Al igual que en el caso del PRI mexicano, la perpetuación en el poder del PAP se debería al absoluto control de las elecciones, pero no sobre la base de algo tan básico y pueril como “cambiar los resultados”, sino debido al manejo de las instituciones, las que son manipuladas con algo de trampa. Son muchas las argucias que se han ensayado para explicar el actuar del PAP en el gobierno, pero quiero rescatar únicamente tres: el gobierno ejerce un fuerte control sobre los medios (la prestigiosa agencia Freedom House ha categorizado a Singapur como un caso de “Prensa No Libre”, la peor categoría); existe un complejo sistema electoral que hace que la oposición, con un 40% de los votos, apenas cuente con 6 de 99 sillas en el Parlamento; y no contento con ello, el gobierno controla a la minoría, manteniéndola dividida en diversos movimientos políticos: hay casi 40 partidos constituidos, y se suele ridiculizar que en Singapur es más fácil armar un partido político que sacar licencia de conducir.

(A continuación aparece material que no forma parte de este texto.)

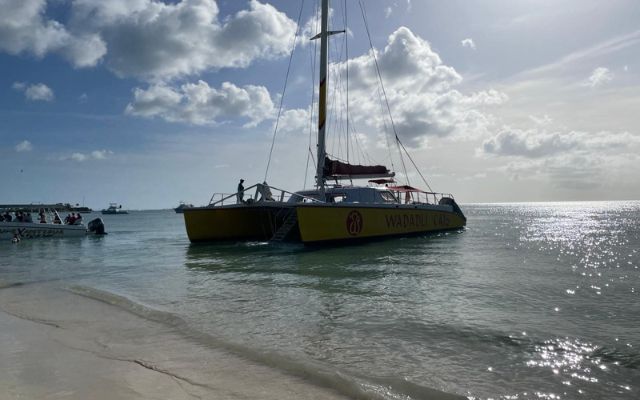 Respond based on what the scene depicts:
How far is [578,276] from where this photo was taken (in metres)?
11.5

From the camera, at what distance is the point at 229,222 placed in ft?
67.5

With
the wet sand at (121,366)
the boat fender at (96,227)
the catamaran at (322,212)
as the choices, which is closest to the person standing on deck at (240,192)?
the catamaran at (322,212)

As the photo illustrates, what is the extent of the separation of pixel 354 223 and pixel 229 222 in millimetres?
6188

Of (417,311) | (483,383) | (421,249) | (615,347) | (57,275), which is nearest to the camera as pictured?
(483,383)

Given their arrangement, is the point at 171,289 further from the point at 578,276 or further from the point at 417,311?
the point at 578,276

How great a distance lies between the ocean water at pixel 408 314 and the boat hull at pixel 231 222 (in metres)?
5.09

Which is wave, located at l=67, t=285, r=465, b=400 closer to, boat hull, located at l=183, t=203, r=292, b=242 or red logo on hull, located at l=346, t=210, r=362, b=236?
red logo on hull, located at l=346, t=210, r=362, b=236

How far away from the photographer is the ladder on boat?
19.5 m

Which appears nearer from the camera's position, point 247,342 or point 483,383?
point 483,383

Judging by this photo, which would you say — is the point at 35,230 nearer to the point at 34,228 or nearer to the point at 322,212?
the point at 34,228

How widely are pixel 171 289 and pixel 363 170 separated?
12.3 metres

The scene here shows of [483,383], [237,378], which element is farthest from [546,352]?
[237,378]

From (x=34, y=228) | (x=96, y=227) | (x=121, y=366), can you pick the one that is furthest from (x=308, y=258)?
(x=96, y=227)

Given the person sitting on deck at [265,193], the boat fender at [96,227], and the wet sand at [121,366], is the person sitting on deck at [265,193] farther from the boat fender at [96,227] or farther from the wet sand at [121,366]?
the boat fender at [96,227] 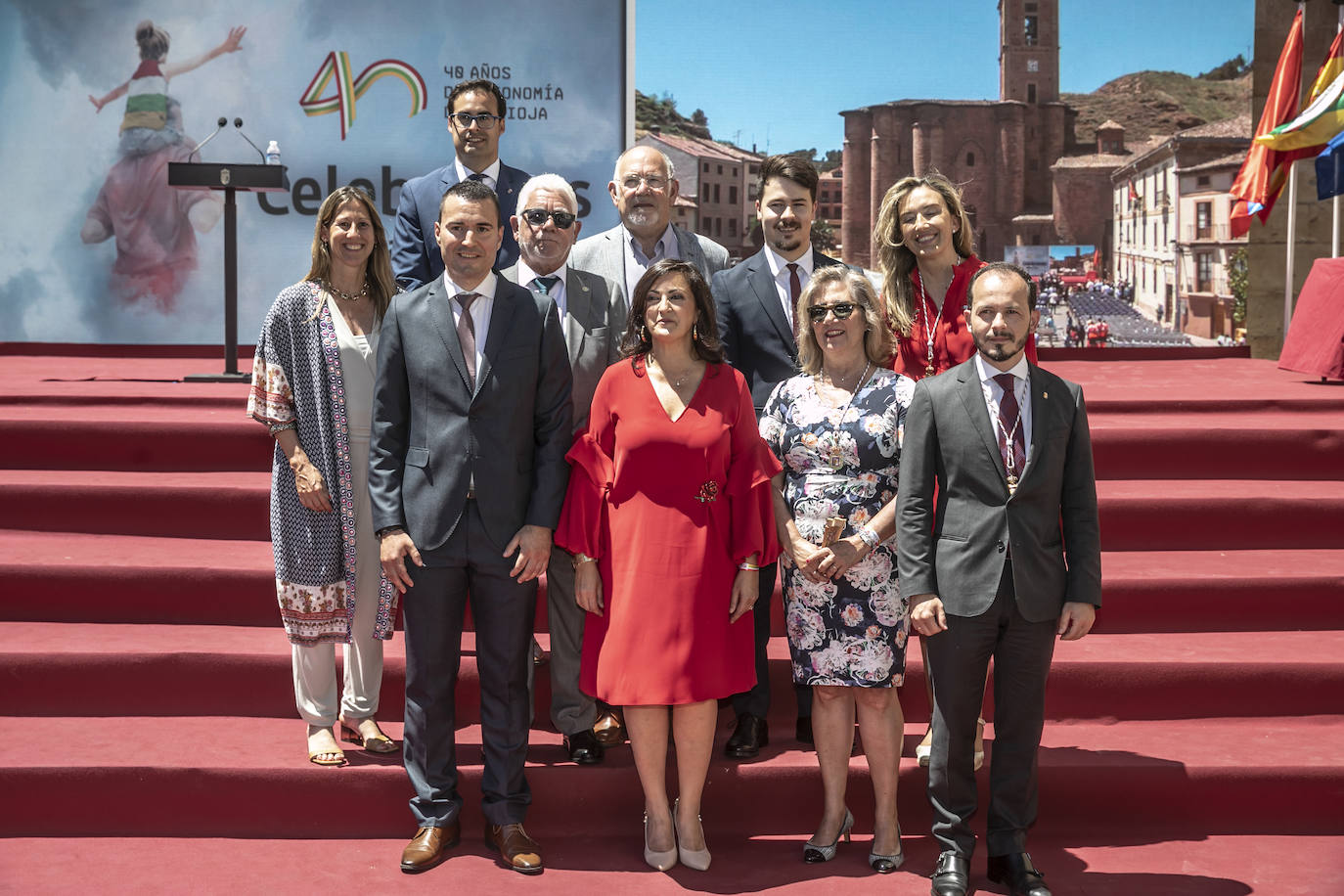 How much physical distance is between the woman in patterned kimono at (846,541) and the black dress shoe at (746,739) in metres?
0.37

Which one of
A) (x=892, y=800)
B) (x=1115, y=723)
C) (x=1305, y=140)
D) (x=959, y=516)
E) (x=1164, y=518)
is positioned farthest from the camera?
(x=1305, y=140)

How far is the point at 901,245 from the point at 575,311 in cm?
104

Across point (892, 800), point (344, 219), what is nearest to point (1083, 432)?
point (892, 800)

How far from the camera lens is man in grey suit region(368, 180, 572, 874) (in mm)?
3143

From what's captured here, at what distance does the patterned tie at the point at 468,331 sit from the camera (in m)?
3.18

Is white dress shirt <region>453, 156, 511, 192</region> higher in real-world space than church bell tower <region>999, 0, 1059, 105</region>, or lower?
lower

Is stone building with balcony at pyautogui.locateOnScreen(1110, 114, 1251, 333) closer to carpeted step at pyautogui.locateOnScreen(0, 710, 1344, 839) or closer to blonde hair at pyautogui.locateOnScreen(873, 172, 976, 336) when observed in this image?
carpeted step at pyautogui.locateOnScreen(0, 710, 1344, 839)

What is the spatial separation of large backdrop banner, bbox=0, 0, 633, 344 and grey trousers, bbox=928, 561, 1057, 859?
5.97 metres

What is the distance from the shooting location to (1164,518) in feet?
15.6

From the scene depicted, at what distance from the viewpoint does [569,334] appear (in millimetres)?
3557

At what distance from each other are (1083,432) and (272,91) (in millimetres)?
7338

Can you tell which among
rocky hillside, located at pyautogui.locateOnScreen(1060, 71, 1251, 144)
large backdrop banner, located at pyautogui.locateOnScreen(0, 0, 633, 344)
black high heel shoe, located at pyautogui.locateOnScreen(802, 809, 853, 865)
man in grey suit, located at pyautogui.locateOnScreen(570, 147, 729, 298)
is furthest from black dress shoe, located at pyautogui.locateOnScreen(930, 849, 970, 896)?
rocky hillside, located at pyautogui.locateOnScreen(1060, 71, 1251, 144)

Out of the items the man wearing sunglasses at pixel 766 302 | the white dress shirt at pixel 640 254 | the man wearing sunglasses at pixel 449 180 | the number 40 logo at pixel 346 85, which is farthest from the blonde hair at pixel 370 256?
the number 40 logo at pixel 346 85

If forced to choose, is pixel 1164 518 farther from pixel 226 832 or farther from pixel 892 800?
pixel 226 832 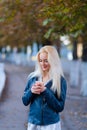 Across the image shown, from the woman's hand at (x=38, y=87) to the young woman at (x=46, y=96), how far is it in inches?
2.9

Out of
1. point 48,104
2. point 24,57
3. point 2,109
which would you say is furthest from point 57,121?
point 24,57

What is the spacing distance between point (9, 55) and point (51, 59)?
8207 centimetres

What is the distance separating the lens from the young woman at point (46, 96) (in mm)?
5398

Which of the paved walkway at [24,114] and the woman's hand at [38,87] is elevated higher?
the woman's hand at [38,87]

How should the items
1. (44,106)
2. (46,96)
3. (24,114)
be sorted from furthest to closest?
(24,114), (44,106), (46,96)

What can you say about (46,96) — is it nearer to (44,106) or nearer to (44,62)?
(44,106)

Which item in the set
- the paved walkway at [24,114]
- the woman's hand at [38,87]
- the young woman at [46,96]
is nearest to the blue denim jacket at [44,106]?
the young woman at [46,96]

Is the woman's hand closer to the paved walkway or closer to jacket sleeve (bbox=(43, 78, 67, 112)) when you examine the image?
jacket sleeve (bbox=(43, 78, 67, 112))

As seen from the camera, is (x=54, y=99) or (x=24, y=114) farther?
(x=24, y=114)

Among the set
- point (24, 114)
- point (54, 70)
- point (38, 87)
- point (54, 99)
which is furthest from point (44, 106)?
point (24, 114)

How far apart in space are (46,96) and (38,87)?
0.18 metres

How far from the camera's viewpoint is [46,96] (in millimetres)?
5340

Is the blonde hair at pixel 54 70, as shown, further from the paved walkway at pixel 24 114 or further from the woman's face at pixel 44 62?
the paved walkway at pixel 24 114

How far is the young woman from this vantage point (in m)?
5.40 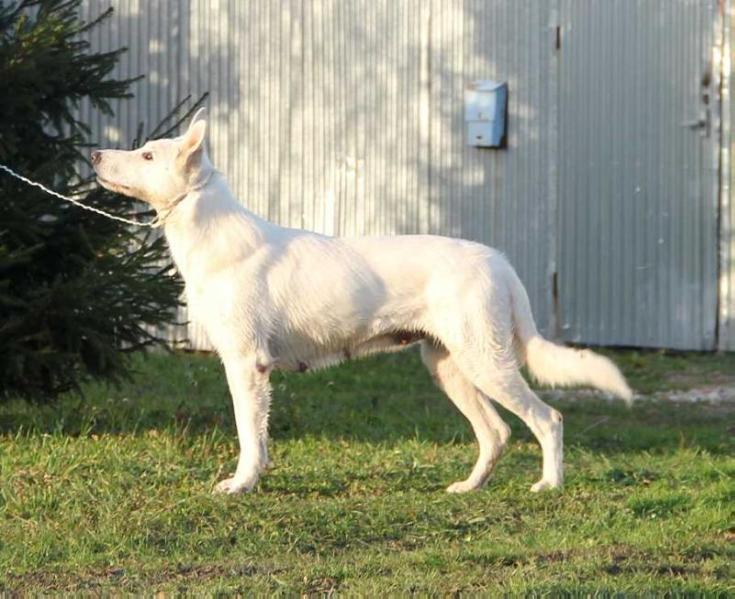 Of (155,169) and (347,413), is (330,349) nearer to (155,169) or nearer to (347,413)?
(155,169)

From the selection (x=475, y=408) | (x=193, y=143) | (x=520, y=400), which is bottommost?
(x=475, y=408)

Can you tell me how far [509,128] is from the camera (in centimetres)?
1574

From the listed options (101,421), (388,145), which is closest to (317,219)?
(388,145)

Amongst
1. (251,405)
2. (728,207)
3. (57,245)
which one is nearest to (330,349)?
(251,405)

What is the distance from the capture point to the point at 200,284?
889 centimetres

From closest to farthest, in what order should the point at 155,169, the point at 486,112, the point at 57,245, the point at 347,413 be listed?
the point at 155,169, the point at 57,245, the point at 347,413, the point at 486,112

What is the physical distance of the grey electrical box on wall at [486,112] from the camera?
15.6 metres

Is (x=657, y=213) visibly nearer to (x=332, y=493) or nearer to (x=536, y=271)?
(x=536, y=271)

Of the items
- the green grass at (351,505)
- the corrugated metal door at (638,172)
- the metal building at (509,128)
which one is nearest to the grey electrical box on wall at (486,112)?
the metal building at (509,128)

Esta facilidad para crear agrupaciones y agendas paralelas -por ejemplo, hay dos partidos laboristas, por peleas internas- es caldo de cultivo para la emergencia de egos y discordias, los que le han permitido al PAP ejercer su hegemonía de forma indeleble. “Divide para gobernar” reza el conocido cliché, y estos asiáticos lo han entendido muy bien.

El caso de Singapur es relevante para el Chile post-binominal. La conjunción de distritos con magnitudes electorales grandes (es decir, que eligen a 6 u 8 diputados y que pueden presentar hasta 9 candidatos) más la disminución de los requisitos para fundar nuevos partidos, hace pensar en posibles atomizaciones como las vistas en Singapur: si mi partido no me da el espacio, mejor armo uno nuevo y me presento a las elecciones. Eso suena muy atractivo en una primera lectura pero, a la larga, puede significar la irrupción de liderazgos populistas, testarudos, con pocas ganas de coexistir o ponerse de acuerdo en proyectos comunes. Y, probablemente, con pocas chances de tener representación parlamentaria o algún grado de influencia.

Ante esto la clave es una sola: unidad. La oposición chilena, especialmente la centroderecha -que cuenta con un apoyo no menor considerando las elecciones de los últimos 10 o 15 años-, no debe caer en el canto de sirenas que sugiere la atomización en nuevos referentes políticos. En este sentido, la idea de un partido único de centroderecha, propuesta por el senador Andrés Allamand, es interesante y debe ser estudiada en profundidad. Y si, pese a todo, surgen nuevos partidos o movimientos en la centroderecha, es imperativo que se encuadren bajo una sola coalición que no sólo les permita enfrentar elecciones de manera satisfactoria, sino que además otorgue directrices y encause proyectos comunes en los períodos no-eleccionarios. De esta manera la centroderecha podrá hacer frente a los recientes cambios institucionales de forma apropiada y exitosa. Algo que no sucede en Singapur.

 

Roberto Munita, Abogado y Master en Sociología. Estudiante Master in Political Management, George Washington University.